Despite such handouts to the wealthy, Baucus has managed to stay in touch with the rest of the state. With a Montana approval rating of 68 percent, he’s one of the most popular senators in the country.

That may be changing, however. Montana Democrats, who feel invigorated after recent victories, are talking of running a primary opponent against him in 2008. Others think a progressive challenge to Baucus, or political trends in the West, could turn him a darker shade of blue. “The environment is changing in this part of the country, and it will be less suicidal for Democrats to be more progressive in the future,” predicts Jim Farrell, executive director of the Montana Democratic Party.

Political pressure in Montana is starting to have an effect on how Baucus operates back in Washington. He plans to hold “lots of hearings” on how to invest seriously in renewable energy and wean the United States off foreign oil. He’s urged the Treasury Department to crack down on tax shelters and loopholes and wants to cap the amount of pay corporate executives can defer tax free. He opposed the Administration’s pick for Deputy Commissioner of the Social Security Administration because of the nominee’s past support for privatization. His top priority, he says, is extending children’s healthcare. His rhetoric in calling for universal coverage is particularly striking, given his past timidity on the issue. “For healthcare, the season of incremental change is coming to an end,” he recently said.

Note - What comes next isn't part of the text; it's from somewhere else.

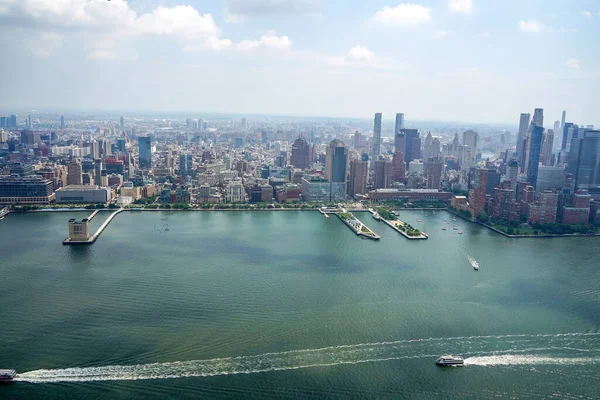 Ciudad Nueva York Recorrido Helicóptero Manhattan Paisaje Urbano Aéreo Panorama —  Fotos de Stock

Yet even as he makes overtures to Main Street, Baucus remains supportive of Bush policies, a schizophrenic figure who denounces the Administration one minute and compromises with Republicans the next. While House Ways and Means chair Rangel has held hearings on the “economic and societal costs of poverty,” it’s difficult to imagine Baucus taking similar steps.

The minimum-wage fight between the House and Senate could become the first of many disputes over economics and ideology. Who prevails will be an important indicator of how far the Democratic majority plans to push the mandate voters gave them November 7. And the role Baucus plays in that battle will make clear whether his mild nods to the left are the start of a meaningful shift or whether his real friends are still on K Street and in the White House.